La Unión ha dado plena libertad a los Gobiernos de cada país para enfocar el destino de los dineros, en cantidades muy importantes y a fondo perdido una parte y a precio político otra, siempre que reforzasen industrialmente sus economías, culminasen la transformación energética y cerrasen el círculo de la digitalización, en el que Europa caminaba a velocidades muy diversas. La particular gobernanza europea, con tomas de decisiones lentas primero y ejecución capilar muy burocratizada después en cada país, ha impedido que se visibilice un cambio radical en las economías. Entre tanto, Estados Unidos ha puesto en marcha su musculatura financiera centralizada para seducir con rapidez a las grandes empresas, hasta el punto de que muchas nativas europeas han levado anclas hacia América.
La alarma la ha desatado Volkswagen, que ha reconocido estudiar seriamente llevar allí su nueva planta de batería para automóviles, en vez de localizarla en el este europeo, donde además de disponer de ayudas mucho más parcas, tiene un riesgo geopolítico a unos cuantos kilómetros sin resolución a la vista. Pero unas pocas grandes empresas energéticas, algunas de ellas españolas, habían decidido ya en los meses pasados apostar por los estímulos norteamericanos. La lista de proyectos de última hora es abundante, con al menos una decena de empresas tecnológicas, automovilísticas y energéticas para las que no existe más patria que la que facilite los negocios a coste razonable.
Europa prepara, deprisa y corriendo, un antídoto financiero que neutralice la deslocalización. Lo hace en cantidad más modesta que los americanos y deja en manos de los Gobiernos la administración de subvenciones que compensen El Dorado americano. Y lo hace quebrantando la sacrosanta limitación de las ayudas de Estado en la Unión, un pilar de la defensa de la competencia que tiene sentido en una unión imperfecta de 26 países y 26 intereses diferentes, pero suya invocación puede ser contraproducente si se compite con un gigante como el americano.

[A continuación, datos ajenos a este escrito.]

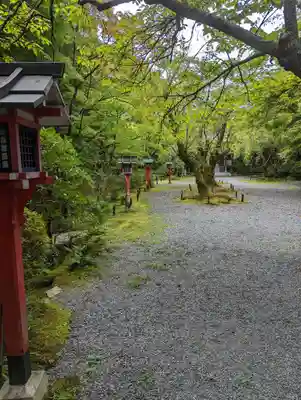 常照寺(京都府)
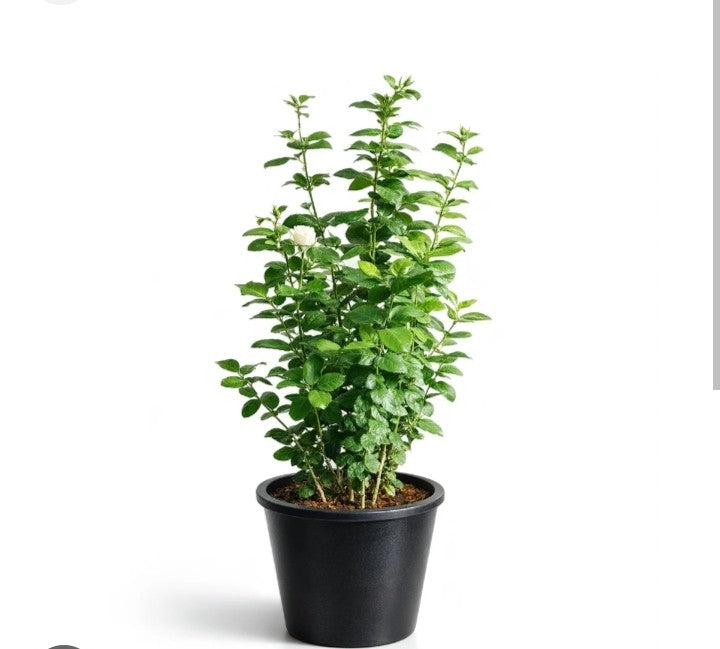 Mogra Jasmine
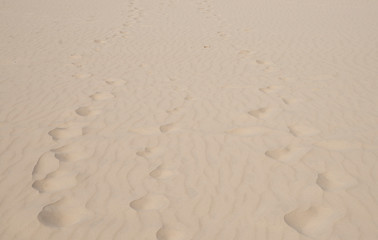 foot steps on the sand, desert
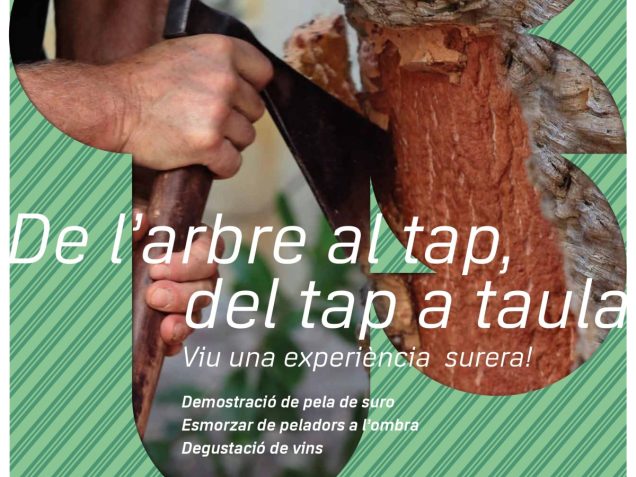 Tot a punt per a les matinals sureres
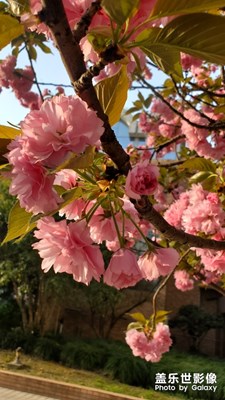 這是什么花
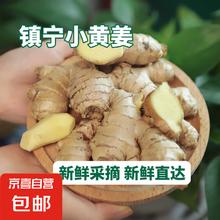 京喜 产地直发贵州镇宁新鲜现挖小黄姜生姜 三斤装 1500g 净重5元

Pero choca otra vez con la gobernanza mal resuelta, los distintos modos de entender el funcionamiento de la economía y las burocracias nacionalistas. La urgencia llega cuando los países tienen que afrontar niveles de endeudamiento muy peligrosos, en plena escalada de los tipos de interés y con renovadas amenazas de sanciones y censuras de Bruselas si rompen, que se romperán, las costuras fiscales. El peor escenario para Europa y para España.